Namun, keadaan akan berubah bila Anies memimpin Indonesia. “Apakah dia akan mengambil sikap anti-Cina? Apakah dia akan mengutak-atik masalah Muslim Uighur?” Tanya presiden Xi Bopeng. “Tentu saja tidak. Anies seorang yang sangat rasional, yang pandai mengubah kelemahan menjadi kekuatan,” kata ketua intelijen yang mendapat laporan dari Jakarta. Pakar Indonesia menambahkan, “Terlalu besar ruang yang dapat ia eksploitasi untuk menguatkan posisi bangsanya menghadapi kita. Dia adalah figur internasional yang punya jalinan pertemanan dengan institusi-institusi bergengsi di seluruh dunia. Ini karena pemikiran dan komitmen demokrasi dan HAM yang mendapat simpati luas.”
Mengingat ada keluhan rakyat Indonesia tentang kerja sama ekonomi dengan kita, yang dianggap terlalu menguntungkan kita, sangat mungkin Anies akan meninjau kembali. Dulu, dengan sangat berani dia menghentikan proyek reklamasi di Teluk Jakarta yang didukung penguasa karena merugikan banyak pihak.
Dia sangat mahir mengangkat martabat orang, kelompok, atau entitas, sebagaimana dia lakukan atas Kota Jakarta dan masyarakatnya. Gagasannya sambung menyambung secara tidak terduga dan selalu mempesona. “Anies seperti kepiting, kita akan selalu tidak tahu ke mana ia akan bergerak kalau disentuh. Orang seperti ini tidak mudah kita kalahkan,” kata pakar Indonesia.
“Besarnya dukungan yang dia peroleh dari musuh kita akan meningkatkan bargaining position Indonesia. Mungkin kita harus melepaskan klaim kita atas Laut Natuna Utara untuk meneguhkan pertemanan kita dengan Indonesia,” kata pejabat urusan luar negeri. Kita juga terpaksa harus bersedia berunding ulang dengan dia mengenai konsesi-konsesi tambang dan proyek infrastruktur karena desakannya untuk itu akan sangat populer. Dan kita tak dapat menekannya secara ekonomi karena mudah saja dia mengganti posisi kita dengan negara lain.
“Ingat, tambang-tambang nikel di berbagai daerah di Indonesia yang telah kita kuasai juga diminati banyak negara. Bukankah nikel, bahan utama baterei, adalah komoditas masa depan ketika dunia berkokitmen segera meninggalkan bahan bakar fosil? Kata pejabat ekonomi.

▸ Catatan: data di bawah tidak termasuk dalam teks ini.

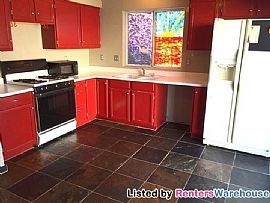 Cozy 3 Bedroom, 2 Full Bathroom 7108 Dramatic Way in Las Vegas, NV (Photo 4 of 10)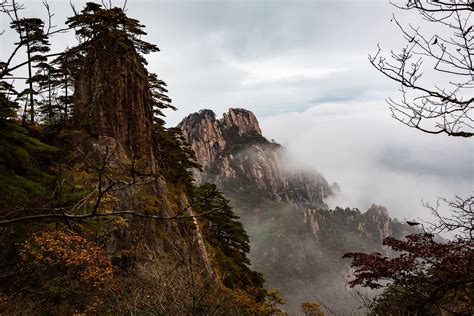 Mt. Huangshan National Park | Peaking through | Gary Craig | Flickr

Menurutnya, Anies akan mengeksploitasi ketidakadilan dalam perjanjian-perjanjian investasi yang banyak menyerap tenaga kerja kita, padahal pengangguran di negeri itu cukup tinggi.
“Mengenai Uighur?”. Menurut pejabat urusan luar negeri, kita memang punya teman ormas Islam terbesar di sana yang mungkin akan membentengi posisi kita di sana. Toh juga, dunia Islam mendiamkannya. Jadi, mestinya ruang Anies untuk bermanuver terkait itu ini terbatas. Namun, pemimpin ormas besar itu telah berganti yang mungkin akan mengambil jarak dengan kita demi mengakomodasi aspirasi AS dan sekutu. Juga untuk memainkan peran pengimbang di antara ormas lain dalam negeri yang kritis terhadap kita.
Dan, sekali lagi, kita tak dapat memperkirakan langkah apa yang akan diambil Anies. Yang jelas, kalau dia terpilih, narasi Islamfobia yang dipakai pendahulunya untuk membungkam lawan akan dihentikan. Dan landscape Islam di Indonesia juga akan berubah.
“Tentu saja dia bukan seorang Islamis yang mempromosikan politik Islam. Andai saja dia melakukan itu, pemerintahannya langsung kolaps,” kata ketua intelijen. Yang akan dilakukan Anies adalah mempersatukan bangsa yang terbelah. Untuk itu, kaum Muslim konservatif yang selama ini ditindas akan dikemvalikankan hak-haknya yang sama dengan warga negara lain. Ini konsekuensi dari komitmennya yang kuat pada pluralisme, demokrasi, dan HAM, serta demi konsolidasi sumber daya bangsa yang sangat dibutuhkan untuk melangkah maju.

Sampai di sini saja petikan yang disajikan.